Currently, there is no known method to correct genetic defects. Hence, there is no cure for Down syndrome. Treatment involves management and alleviation of symptoms, early intervention programs, and increased awareness about the condition, especially by the parents.
- Early intervention programs can help impart motor, language, self-help, and social skills in the child with Down syndrome. It is a vital step towards overcoming the effects of developmental problems and other abnormalities as well as inculcating self-reliance.
- Pregnant women can go for full integrated testing to check for the presence of Down syndrome in the unborn child. This can help prepare themselves better for future care and support of the child.
- Ultrasound and blood tests can be carried out in between the 11th and 13th weeks of pregnancy.
- Expectant mothers who think that the baby may be at high risk to Down syndrome may go for percutaneous umbilical blood sampling, amniocentesis, chorionic villus sampling, and other relevant diagnostic tests.
Down syndrome life expectancy
Over the years the life expectancy of Down syndrome patients has increased dramatically due to advances in the medical sciences. Down syndrome patients used to live for only nine years before, but now they can live without problems for nearly 60 years.

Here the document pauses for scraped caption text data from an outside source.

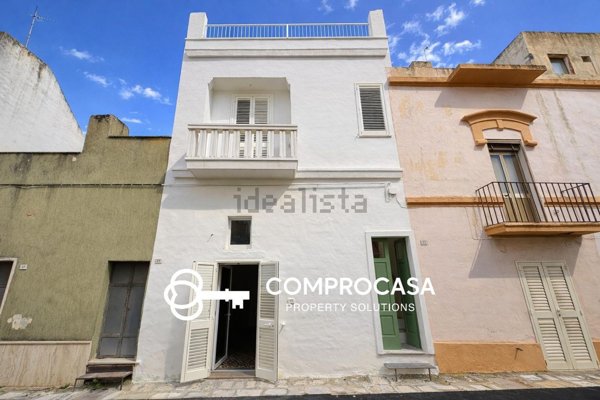 casa indipendente in vendita a Parabita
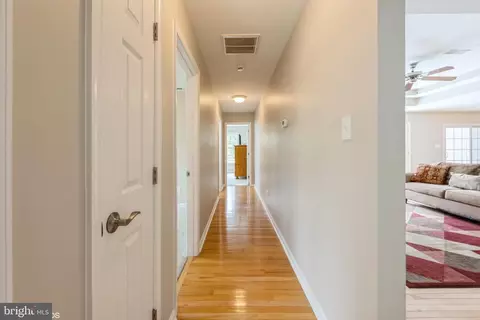 102 Davis Ct, Berlin, MD 21811 photo 30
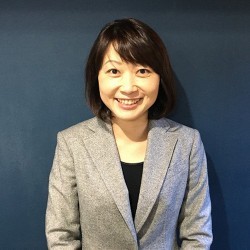 荒井貢美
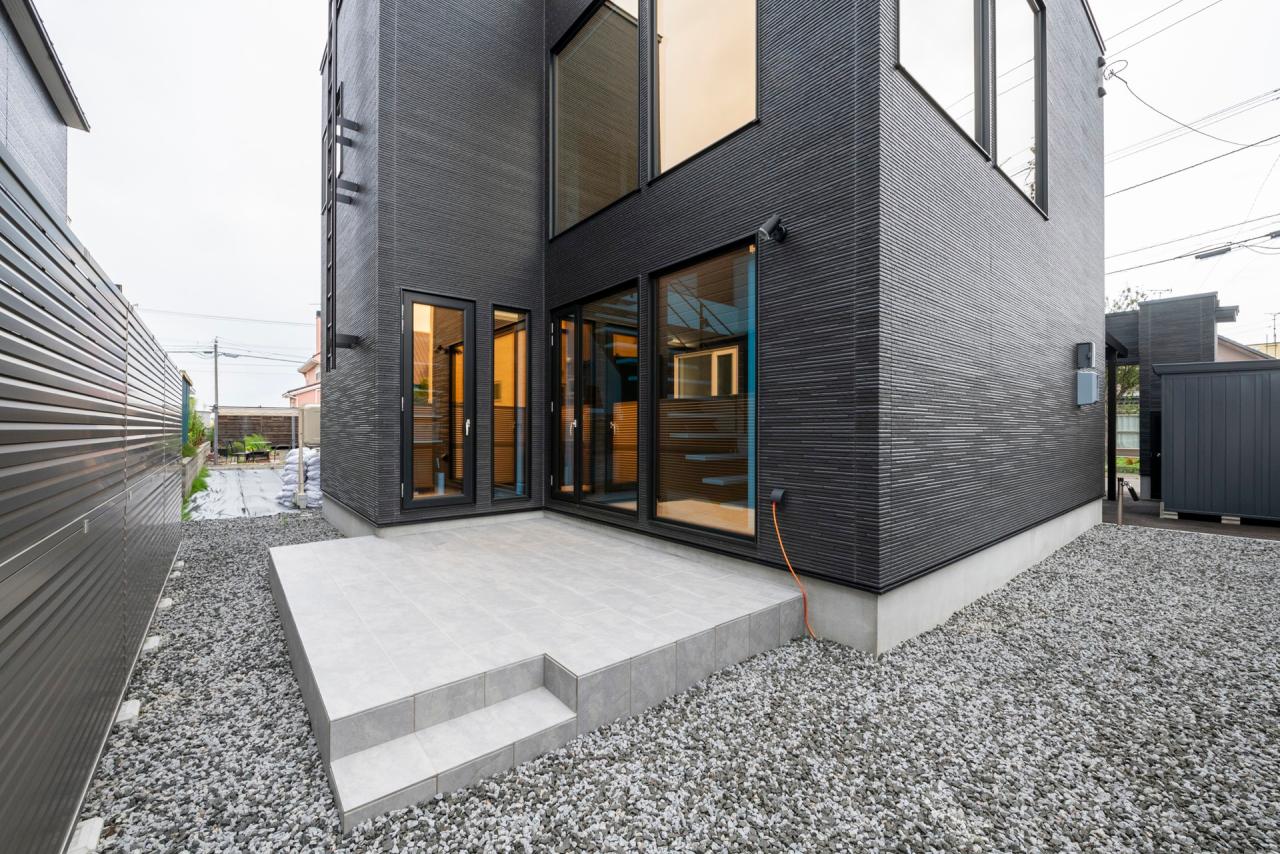 庭・エクステリア、デッキ・テラス：プライベート感のあるタイル張りのコンクリートテラス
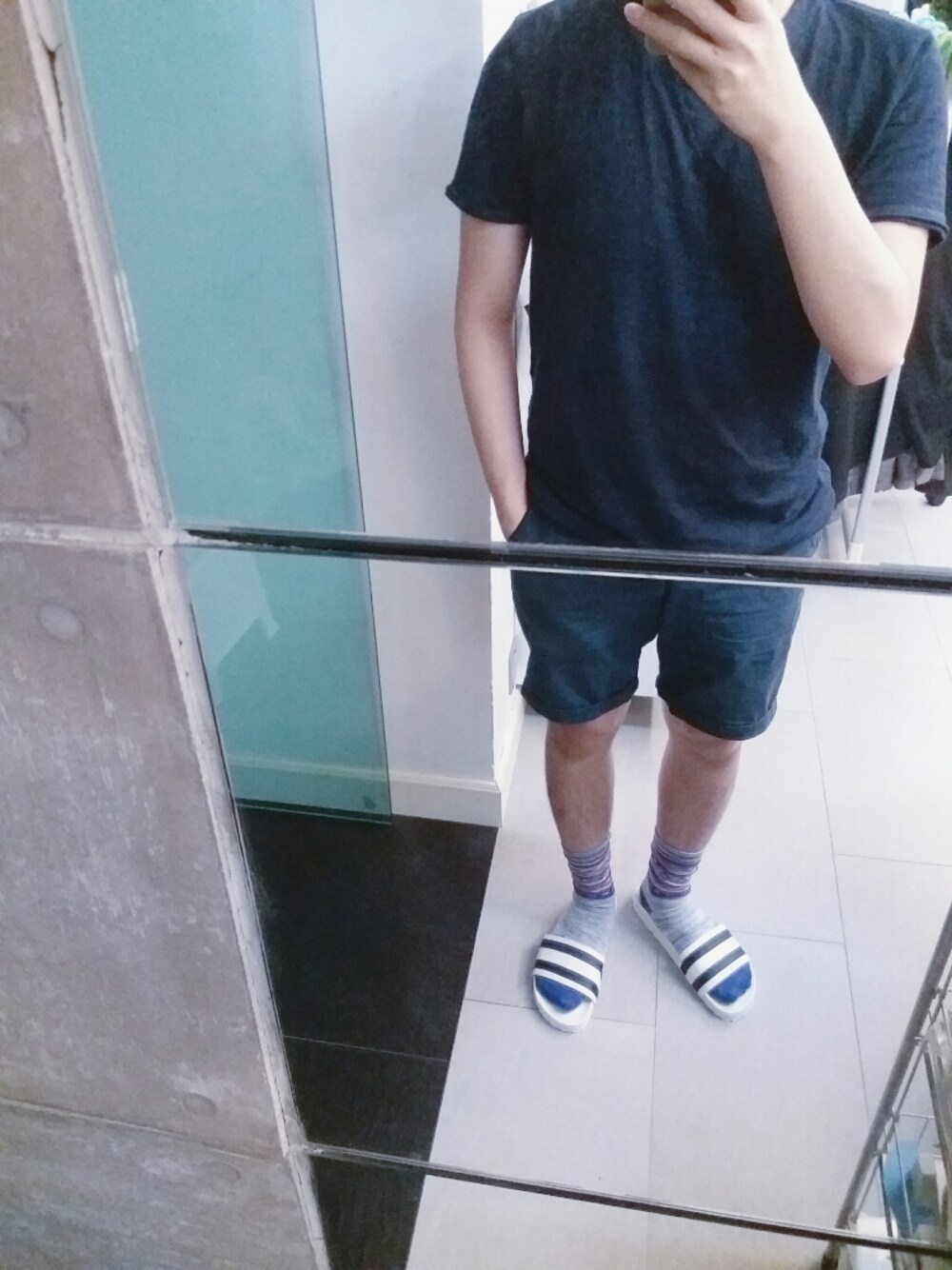 「黒、blue、shortpants、夏」｜「ESPRITのアイテム（Tシャツ/カットソー、ブルー系）」を使った、ERICCOKEさん（メンズ・164cm）の春コーディネートの1枚目の写真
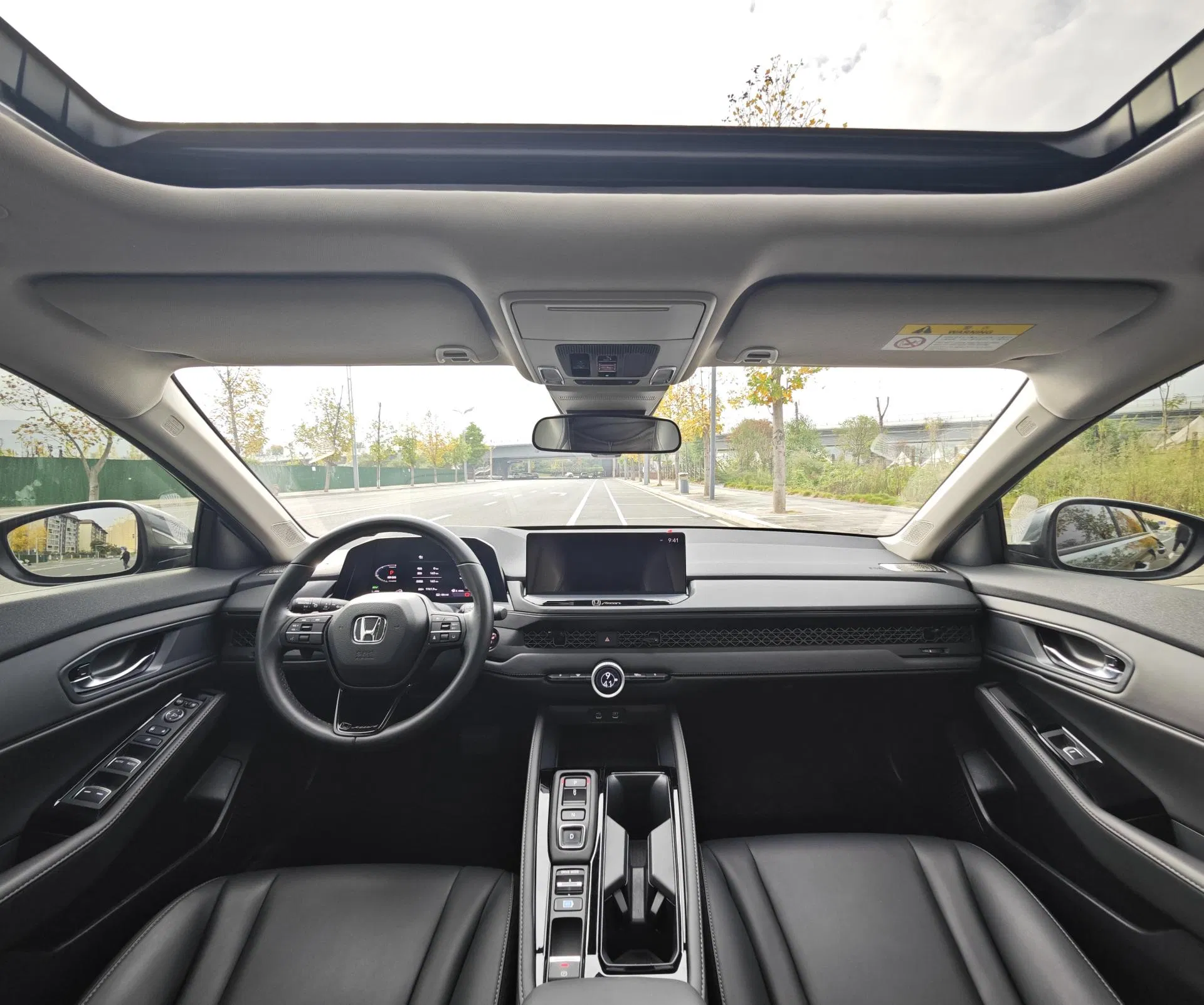 2023 Honda Accord 2.0L Hybrid Sedan — source image 14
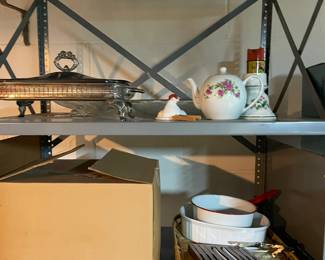 Assorted decorative items.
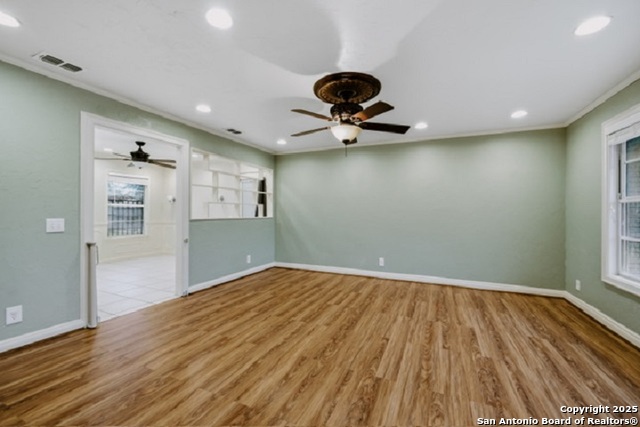 Listing photo id 4 for 4313 Driftwood Pl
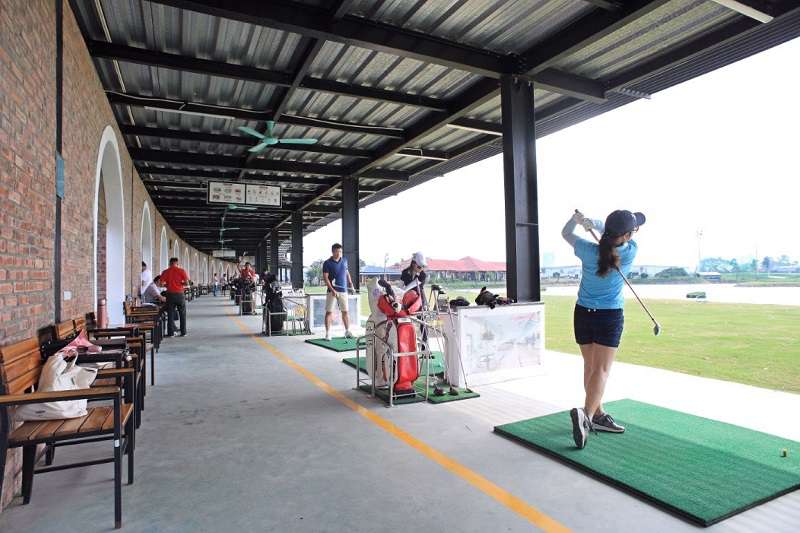 Sân tập golf thu hút đông đảo golfer đến vui chơi, giải trí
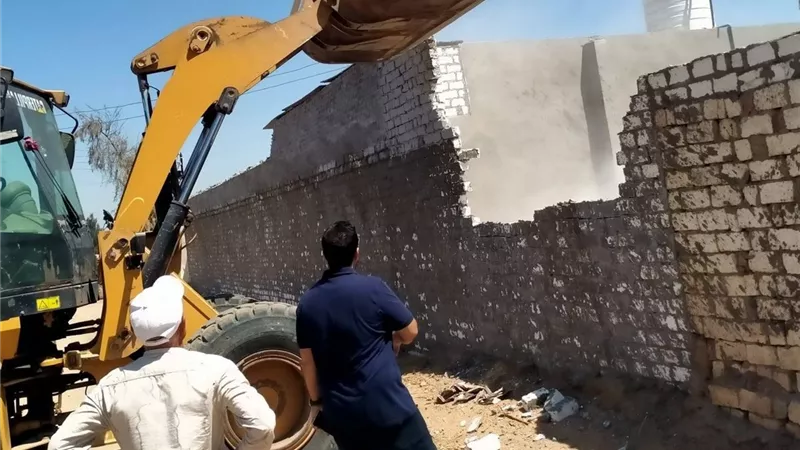 محافظة الإسماعيلية تواصل حملة إزالة التعديات وتسترد 19 فداناً في التل الكبير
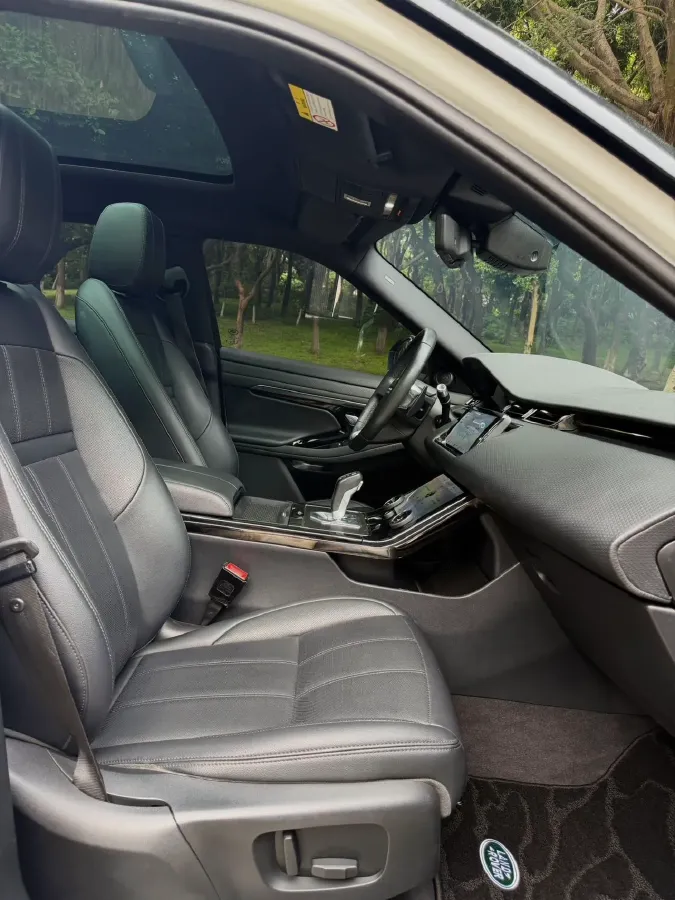 2020 Land Rover Range Rover Evoque 2.0T 249HP L4 9AT,autocango,china used car exporter,china ev exporter,chinese used car exporter,chinese used ev exporter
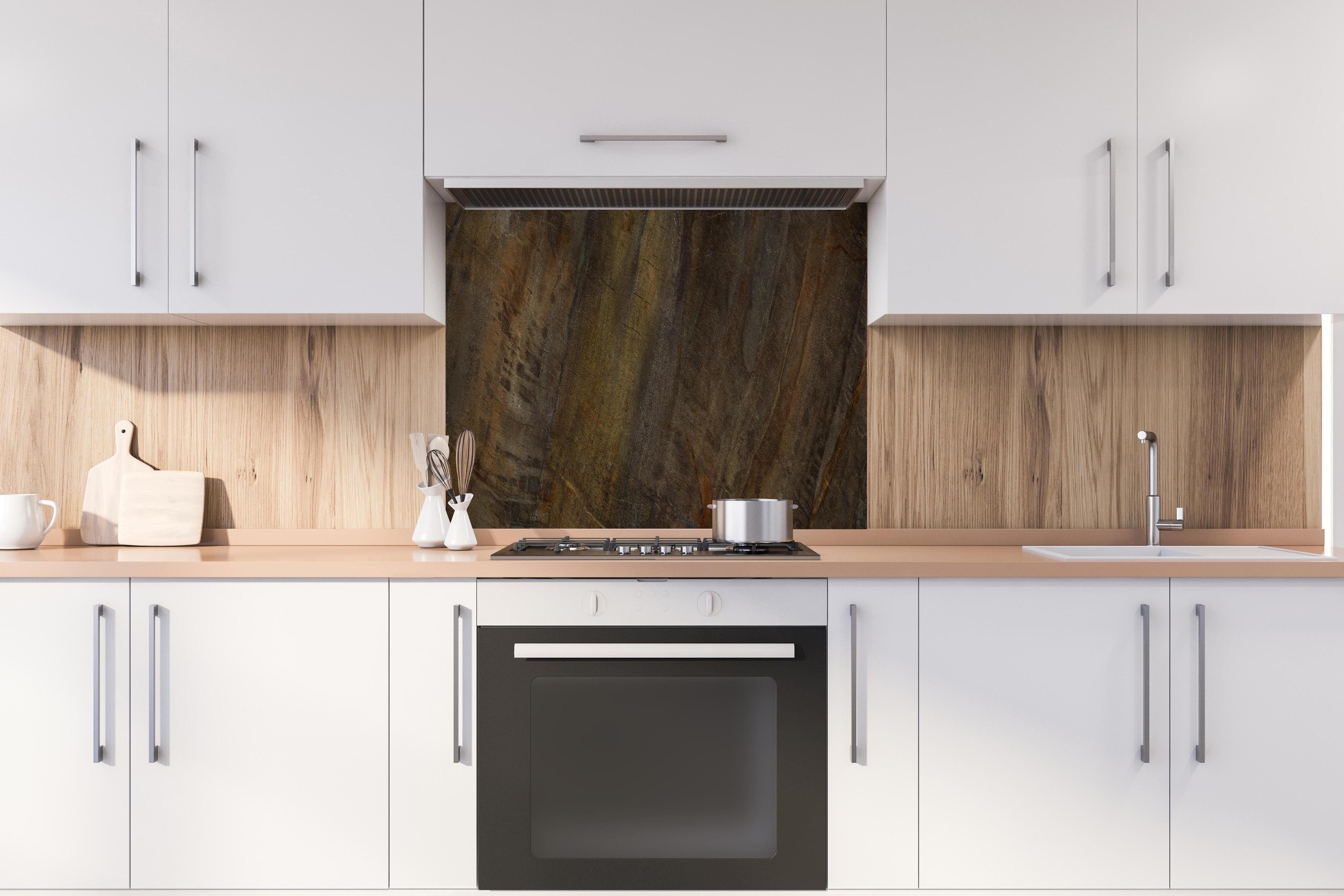 Spritzschutz - Multicolor raue Marmortextur hinter einem Cerankochfeld zwischen Holz-Kochutensilien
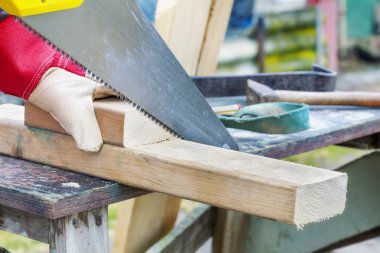 tahta üstünde-e doğru açık çalışma masasında testere marangoz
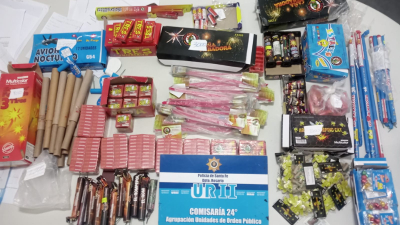 Vendía pirotecnia ilegal y quedó detenida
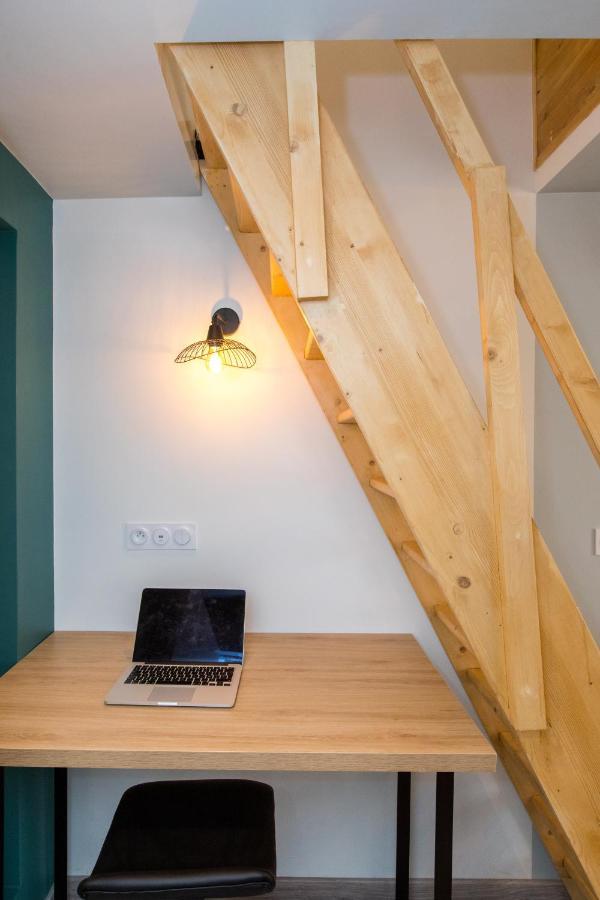 Duplex : Plage 300M, Clim, Netflix Cannes Exterior photo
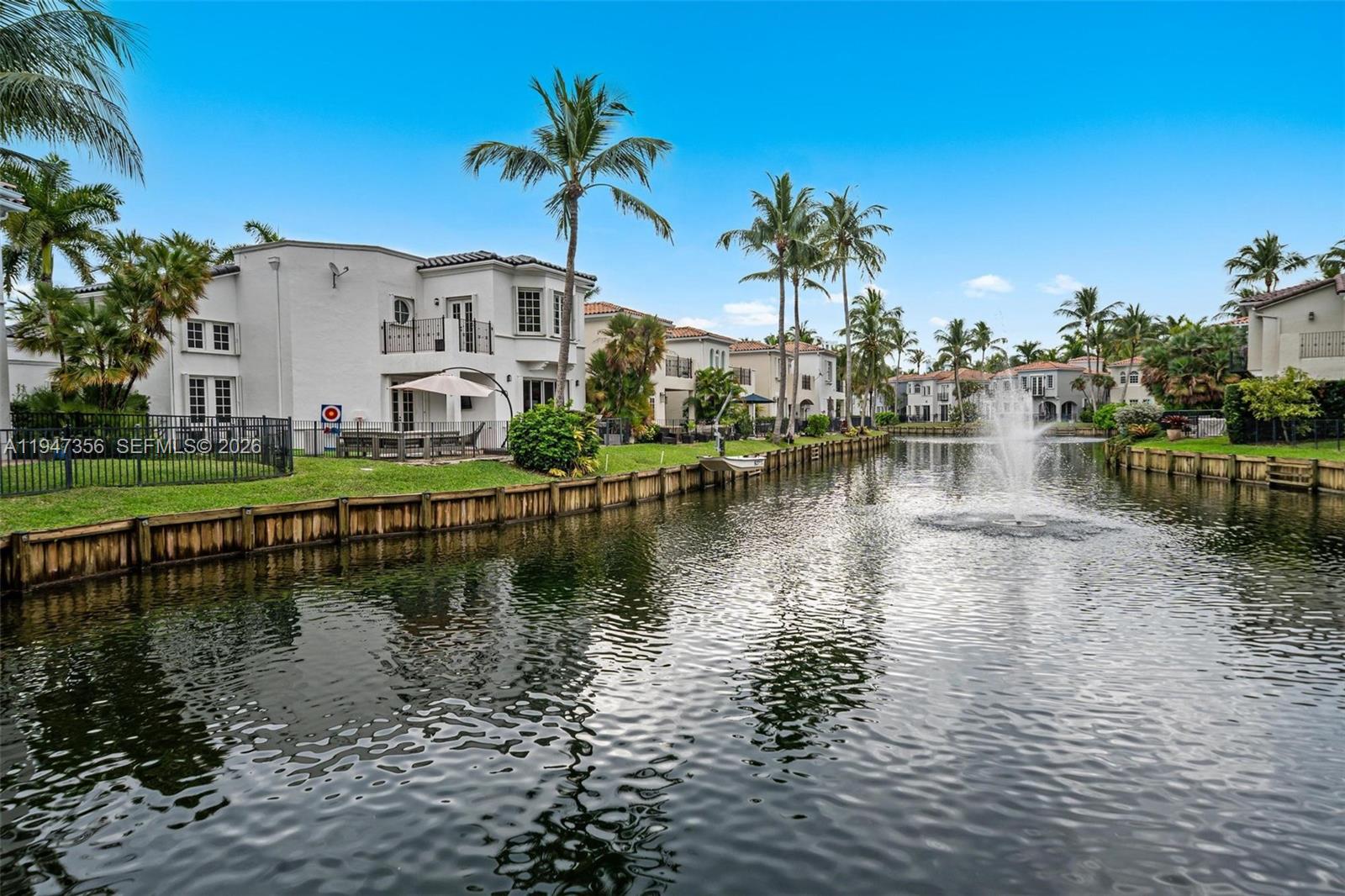 AVENTURA LAKES PHASE 1 - Residential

Most deaths associated with Down syndrome occur in the uterus or during the first year after birth. A newborn may die within some weeks or months after delivery, often due to cardiac defects and a host of other health complications. After Down syndrome children successfully cross the first year of life, their life expectancy increases by 11 years or more. It is therefore important for parents to pay special attention to the child during the first year.
A majority of deaths associated with Down syndrome occur due to leukemia and cardiac problems. Advances in the field of medicines and medical therapies have resulted in effective treatments for different kinds of cardiac defects and leukemia, thereby increasing the life expectancy of Down syndrome patients. Proper identification of underlying medical problems, early intervention programs, and significant parental support, care, and understanding are key to increasing the lifespan of the patients.